397 F2d 517 Illinois Tool Works Inc v. Continental Can Company
397 F.2d 517
ILLINOIS TOOL WORKS, INC., Plaintiff-Appellee,
CONTINENTAL CAN COMPANY, Inc., Defendant-Appellant.
United States Court of Appeals Seventh Circuit.
July 8, 1968.
Rehearing Denied September 10, 1968.
Fred S. Lockwood, John D. Dewey, John L. Alex, Chicago, Ill., for defendant-appellant.
James P. Hume, Granger Cook, Jr., Chicago, Ill., Hume, Clement, Hume & Lee, Chicago, Ill., for plaintiff-appellee; Richard R. Trexler, Robert W. Beart, Chicago, Ill., of counsel.
Before DUFFY, Senior Circuit Judge, and KILEY and SWYGERT, Circuit Judges.
KILEY, Circuit Judge.
This is a patent infringement action seeking damages and injunctive relief against Continental Can Company, Inc. (Continental). The district court found the patents in suit valid and infringed, and entered an order requiring an accounting and restraining Continental from further infringement.1 The injunction and accounting were stayed pending appeal. We affirm.
Plaintiff Illinois Tool Works, Inc. (Illinois Tool), a Delaware corporation, with principal place of business in Illinois, is assignee and owner of Edwards Patent #3,139,213 (#213) covering nestable thin wall plastic drinking cups; and Patent #3,061,139 (#139) covering a self-venting plastic container and lid, used primarily to contain cottage cheese. Illinois Tool's Conex Division manufactures and sells the products covered by the patents. Continental's Bondware Division manufactures and sells the accused plastic cups and containers.
Continental defended on the usual grounds of invalidity and non-infringement. Invalidity was asserted on the grounds of anticipation by the prior art, obviousness, vagueness of the Edwards claims and lack of "inventive novelty." The non-infringement defense was based on alleged differences between the Continental nestable cups and plastic cottage cheese containers and the plaintiff's patents; and file wrapper estoppel based on Edwards' abandonment of certain claims in the Patent Office.
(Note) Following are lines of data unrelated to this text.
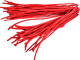 Термоусадка Apro ZRG-6R 6.0/3.0 мм колір червоний 1 м 30 шт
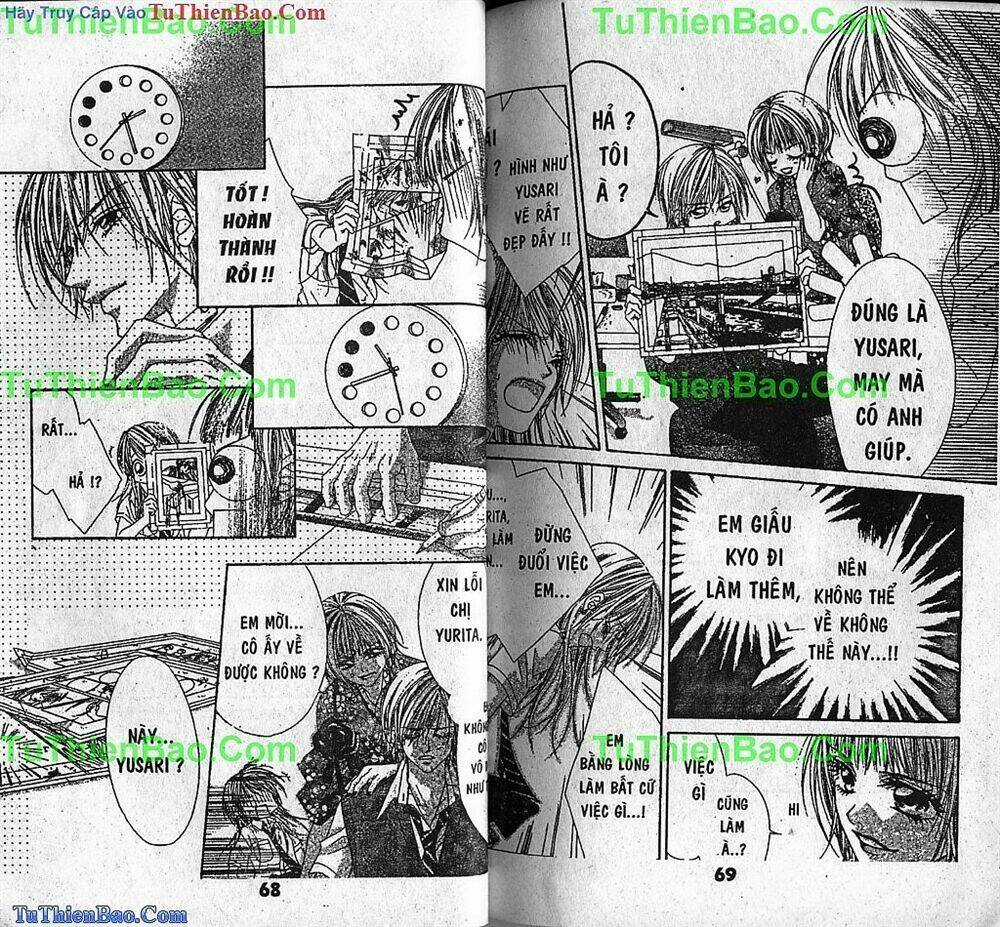 Nữ Sinh Bảo Mẫu Chapter 7 trang 33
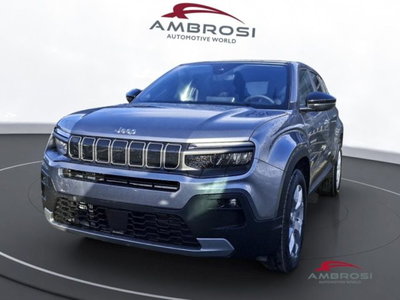 Jeep Avenger 1.2 turbo e-hybrid mhev Altitude fwd 110cv edct6 nuova a Corciano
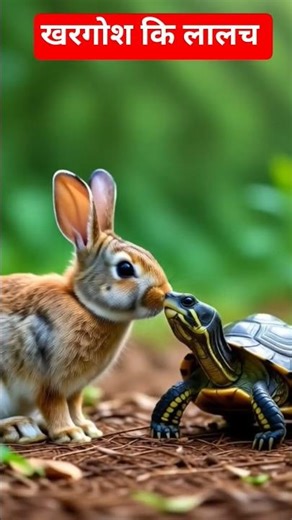 खरगोश और कछुआ का रेश #shorts #ai #funny #video #ai #kahani #लैक #शेयर #जरूर #करें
The district court in a 107-page memorandum found that the prior art patents and uses were not sufficiently identical to the Edwards patents to constitute anticipation; that the evidence "clearly" favored Illinois Tool on the issue of obviousness; that the claims were sufficiently defined; and that "inventive novelty" is no longer a valid test of inventiveness and that the patent is "new." On infringement, the court found the "means, operation and result" of Continental's nestable cups identical to those of plaintiffs; and that its cottage cheese container was "in all respects * * * location, operation, principle and result" identical to plaintiff's. The court's judgment concluded that plaintiff's #213 patent claims 1, 5, 6 and 9 were valid and infringed, and plaintiff's #139 claims 1 and 3 through 13 were valid and infringed.
Patent #2132 issued June 30, 1964, upon application filed December 13, 1962. The application stated that the object of the patent was "to provide a cup, particularly a throw-away cup, which is so configured that a plurality of such cups can be stacked in telescopic relation without wedging together." This stacking capacity, called nesting, is well known in the art and is commonly observed in vending machines used for dispensing liquid in plastic drinking cups. Stacking rings are used to minimize the degree of contact between cups in the stack and thereby prevent the cups from becoming wedged together.
The design of Illinois Tool's principal cup, one of five embodiments of patent #213, is of a thin walled plastic cup with a body that tapers upward and outward from a recessed bottom to a lipped top. On the outside of the cup between the top and center of the body is a series of step-like cylindrical rings circling the cup. The walls of the top ring incline up and in, forming a horizontal shelf at both the top and bottom of the ring in a Z-configuration. When stacked, the lower shelf of the top ring of one cup is supported on the upper shelf of the top ring of the next lower cup. The result is that when stacked, only the surfaces of the shelves are engaged, and the cups are nested but not wedged. The lower rings in the series are "gripping rings" which prevent the cup from slipping from the hand of the user.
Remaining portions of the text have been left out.